In 1942, the U.S. War Department needed to transport war material and personnel to Britain. A requirement was issued for an aircraft that could cross the Atlantic with a large payload; however, because of wartime priorities, the aircraft could not be made from strategic materials such as aluminum. Henry J. Kaiser, a leading ship builder, teamed with aircraft designer Howard Hughes to create the largest aircraft ever built at that time.

The aircraft was designed to carry 150,000 pounds, 750 fully equipped troops, or two 30-ton M4 Sherman tanks. The final design was to be built mostly of wood to conserve metal, with its elevators and rudder covered with fabric. The construction of the first prototype, the HK-1, took sixteen months. Henry Kaiser, frustrated by the long delays and the restrictions on materials, decided to withdraw from the project.

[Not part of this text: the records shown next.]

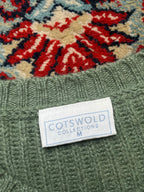 Cotswold Collections Lambswool Green Ribbed Knit Pocket Cardigan -  M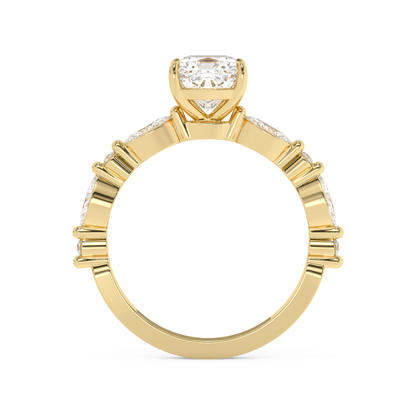 Emerald Solitaire Lab Grown Diamond Engagement Ring
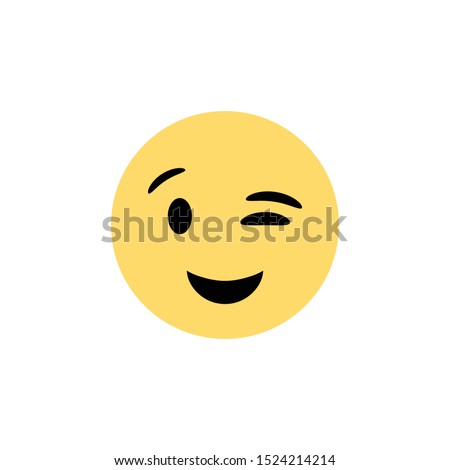 Winking eye social media emoji, emoticon isolated on a white background for web and mobile use.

Howard Hughes continued the program on his own, under a new contract limiting the production to one plane, now the H-4 Hercules. Work proceeded slowly and the H-4 was not completed until the war was over. The plane was built by the Hughes Aircraft Company using composite technology for the laminated wood construction. The finished plane was moved in three sections to Pier E in Long Beach, California, where a hanger was erected around it with a ramp to launch the H-4 into the harbor. In all, development cost for the plane was twenty-three million dollars, or more than ten times that in today dollars.

On November 2, 1947, with Howard Hughes at the controls, and a crew of seven, and fourteen invited guests, the Hercules picked up speed and lifted off. The Hercules remained airborne for 26 seconds at a height of seventy feet above the water and a speed of 135 miles per hour. At this altitude the aircraft still experienced ground effect. This brief flight proved that the now uneeded aircraft was flight worthy. The Hercules H-4 never flew again; its lifting capacity and ceiling height were never tested.

The Smithsonian’s National Air and Space Museum has the Hughes H-1 Racer and a section of theH-4’s wing. The Aero Club of Southern California acquired the Hercules H-4 aircraft in 1980, displaying it in a very large geodesic dome in Long Beach, California. The club later arranged for the aircraft to be given to the Evergreen Aviation Museum in Oregon where it is currently on display. The 315,000 square foot aircraft hanger where the Hercules H-4 was built, located in the Playa Vista neighborhood of Los Angeles,  is on the National Register of Historical Buildings.